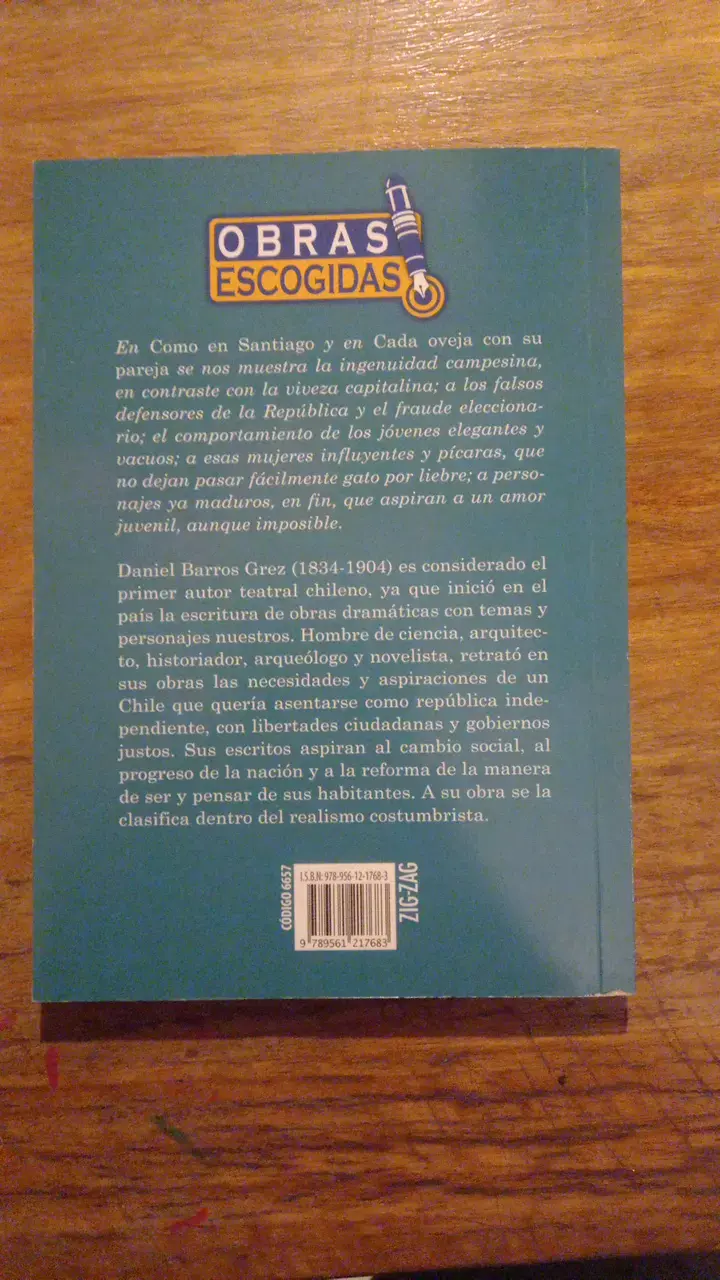 Libro 'Como en Santiago' de Daniel Barros Grez - 2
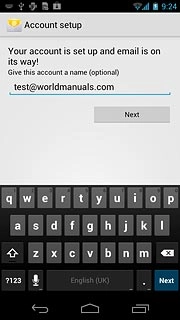 Press the field below Give this account a name (optional) and key in the required name.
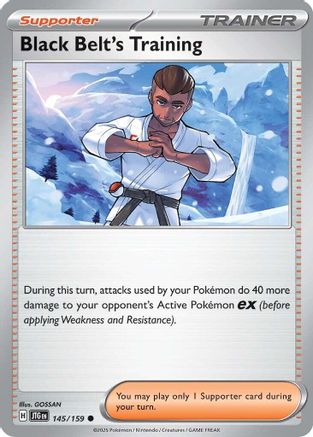 Black Belt's Training - 145/159 Reverse Holofoil [SV09: Journey Together]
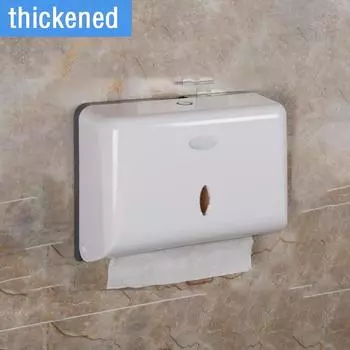 Настенный держатель для бумажных полотенец Универсальный гостиничный туалет Коммерческий диспенсер для салфеток Без перфоратора Многоскладной держатель для бумаги в три сложения Главная белый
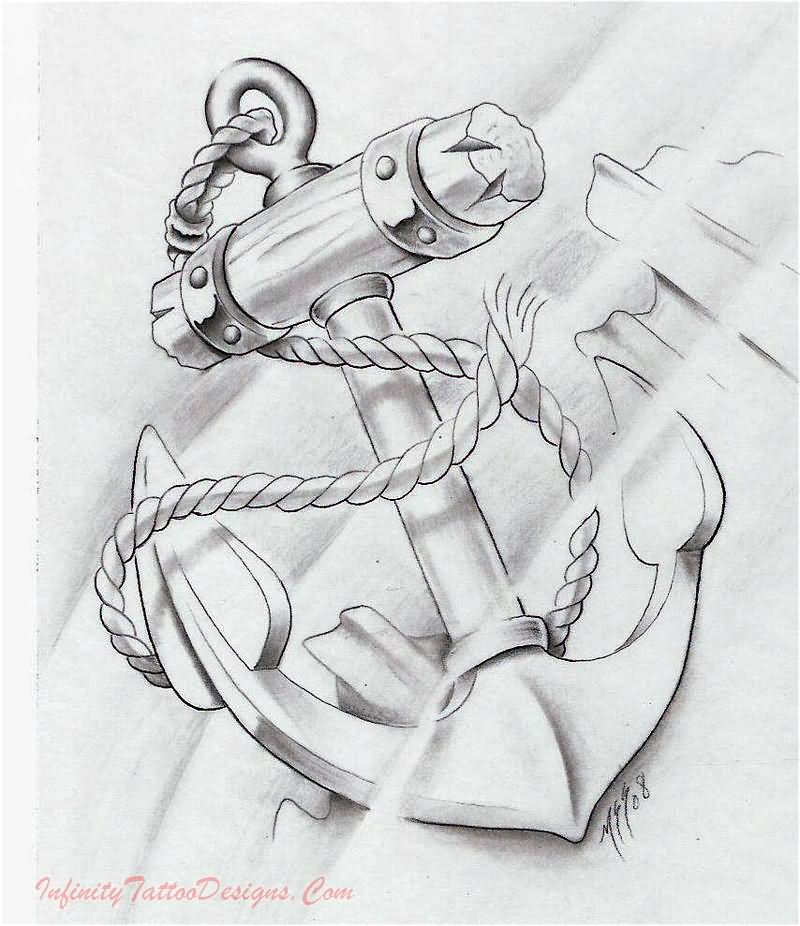 800x926 Incredible Anchor Tattoo Designs - Anchor Tattoo Sketch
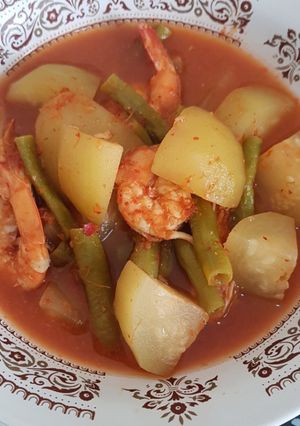 รูปของ แกงส้มแตงโมอ่อนกุ้งสด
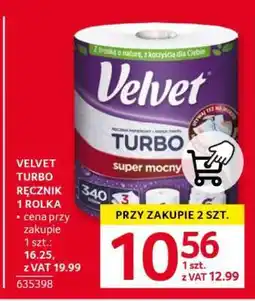 Selgros VELVET TURBO RĘCZNIK 1 ROLKA oferta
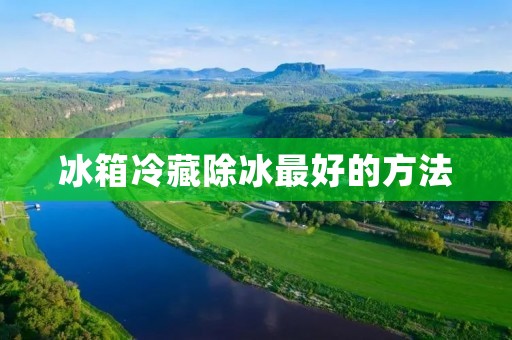 冰箱冷藏除冰最好的方法 冰箱冷藏除冰最好的方法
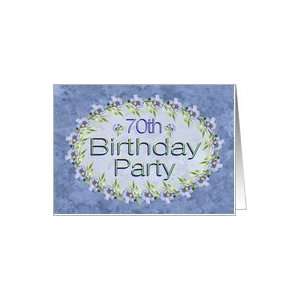    70th Birthday Party Invitations Lavender Flowers Card Toys & Games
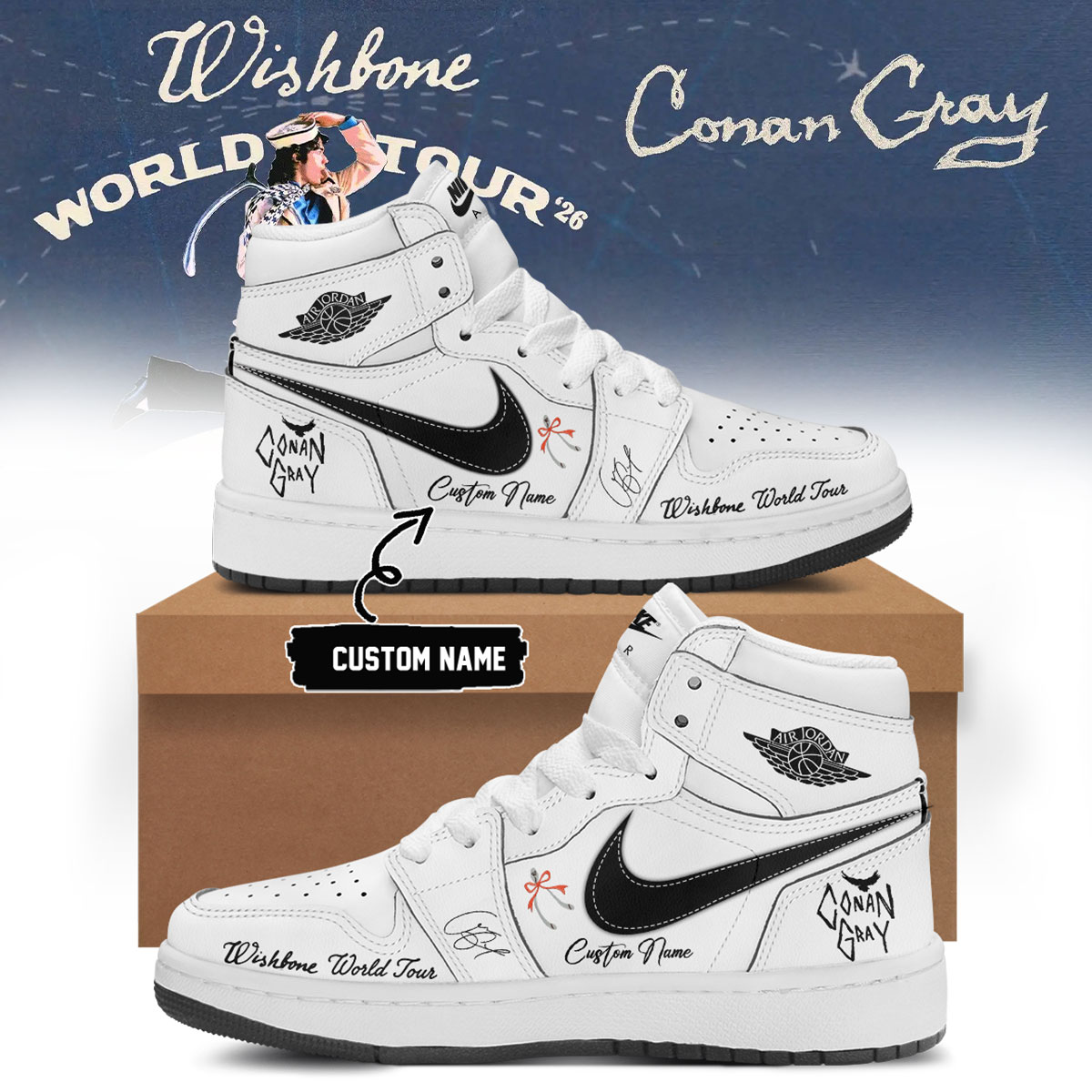 Conan Gray Wishbone World Tour Signature Lifestyle Sneakers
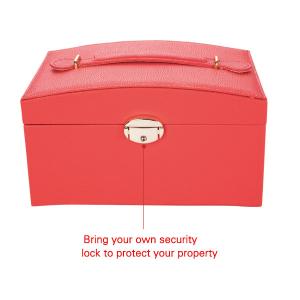 Quality Red 15*10*5cm PU Leather Jewelry Organizer Cabinet wholesale
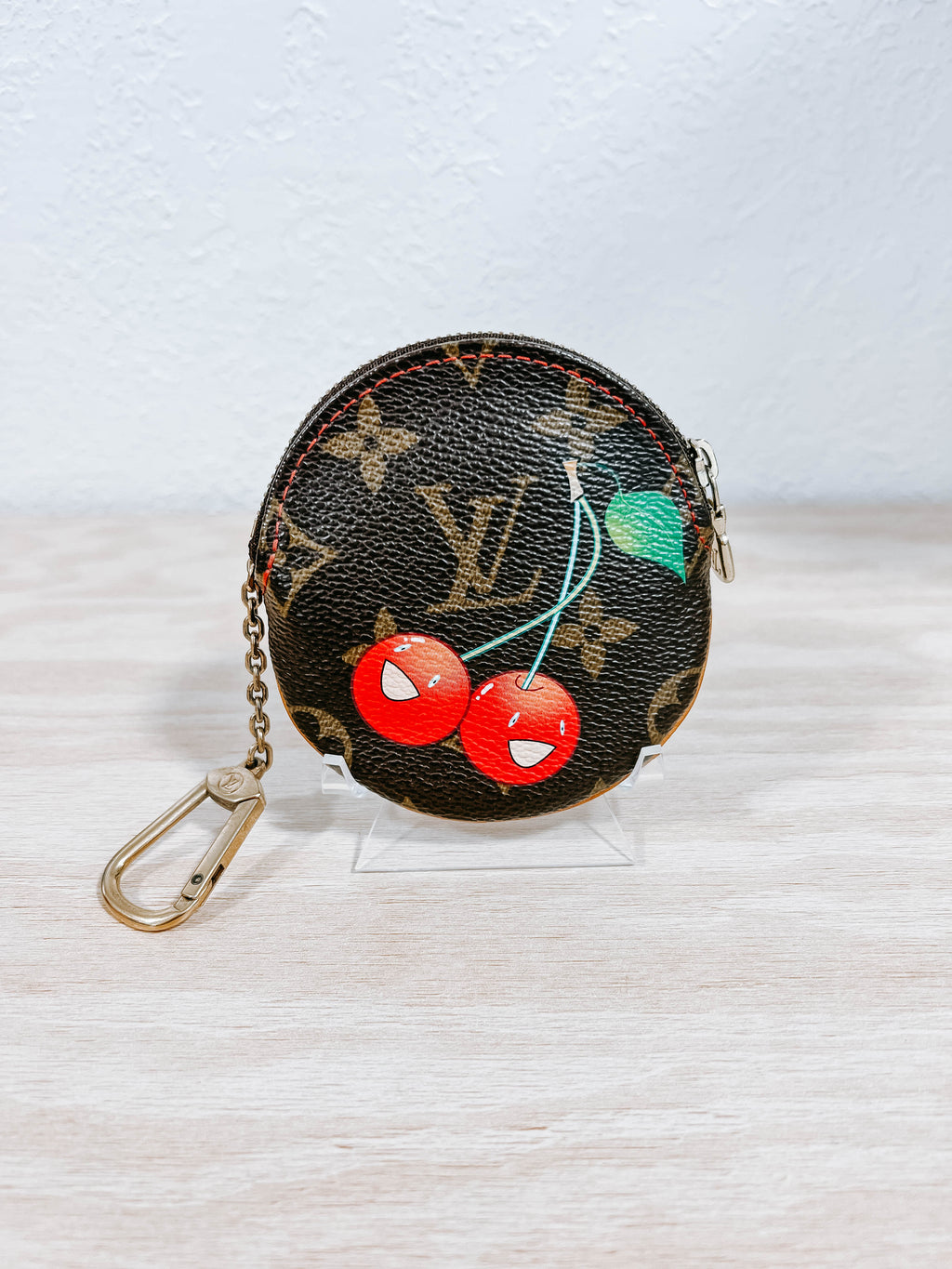 Louis Vuitton Murakami Cherry Round Coin Pouch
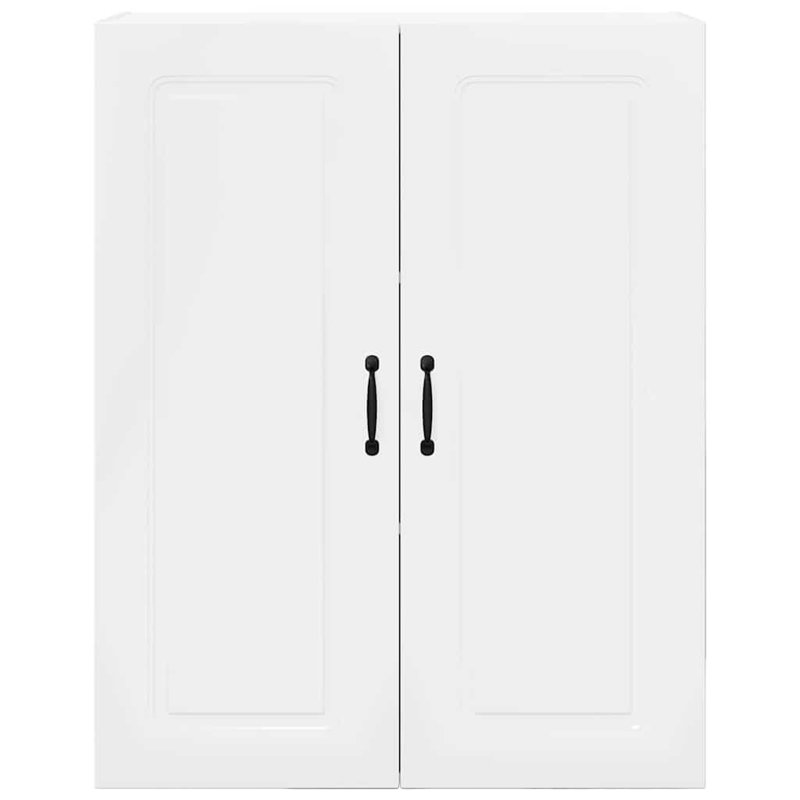 Vidaxl Kitchen Wall Cabinet With Shelf Sonoma Oak 80 X 31 X 100 Cm, High Gloss White, 100cm H x 80cm W x 31cm D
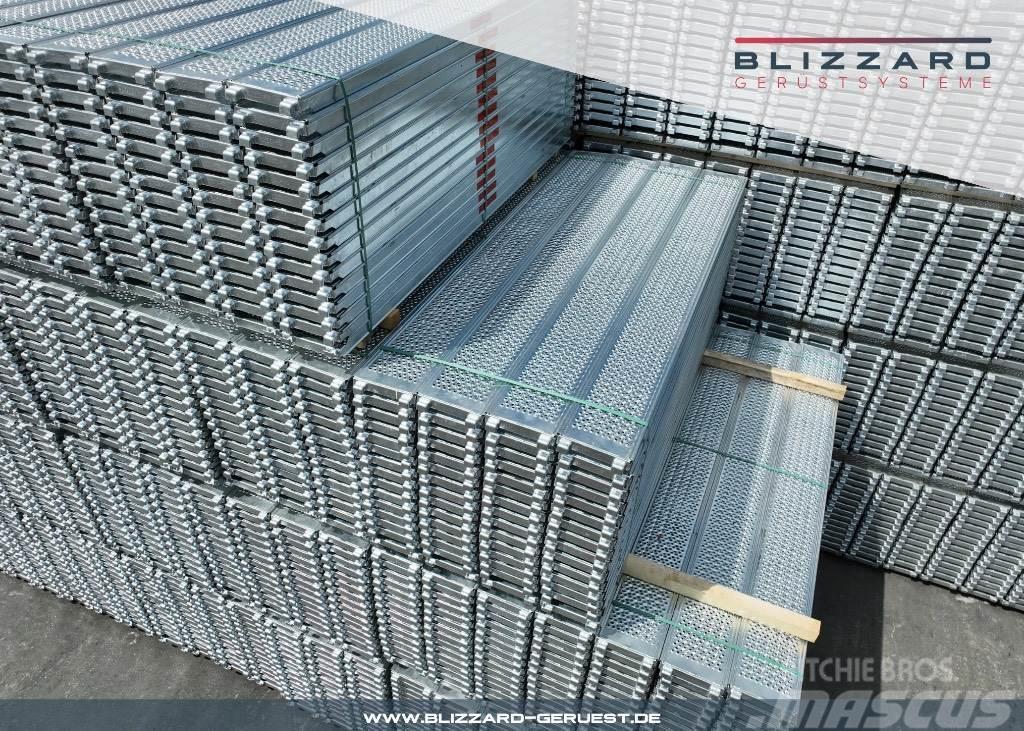  136,21 m² Neu Stahlgerüst, Stahlböden Blizzard S70 Scaffolding equipment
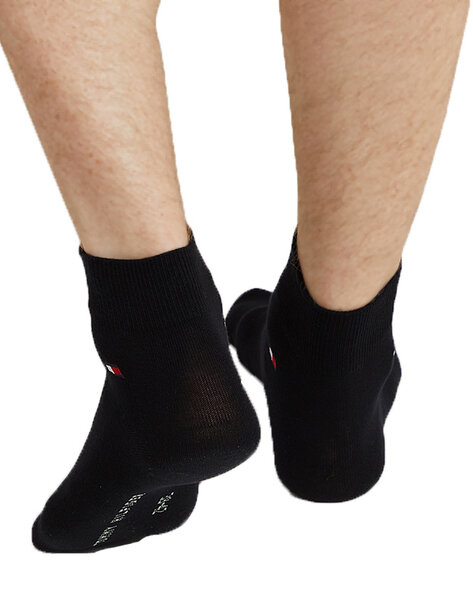 Tommy Hilfiger 2-paar korte sokken - Katoenen quarter sokken - Halfhoge sokken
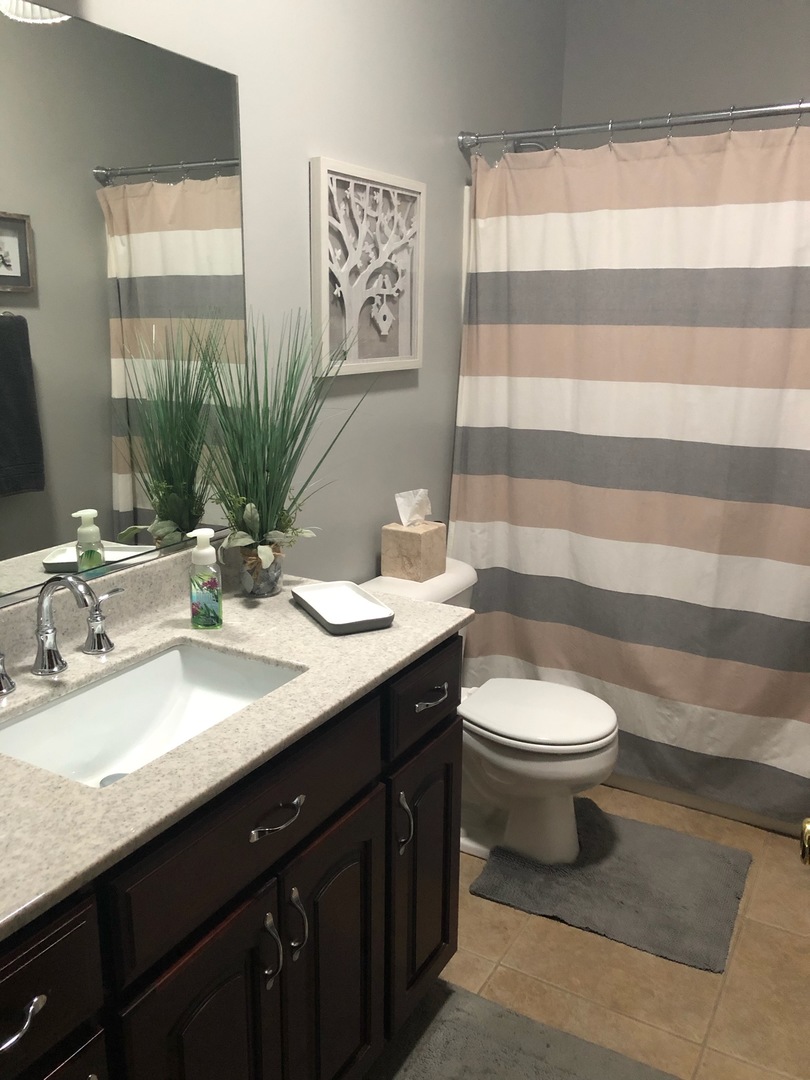 18591 Ridge Lane Marengo, IL 60152 - Photo 11 of 20 a bathroom with a double vanity sink toilet and a mirror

**WHAT THE EXERCISE ASKS:** If a line falls between the first line of the records above and the line containing "Black Belt's Training", inclusive, retype it exactly; leave pictures out.

**TASK OUTPUT:**
 Libro 'Como en Santiago' de Daniel Barros Grez - 2
 Press the field below Give this account a name (optional) and key in the required name.
 Black Belt's Training - 145/159 Reverse Holofoil [SV09: Journey Together]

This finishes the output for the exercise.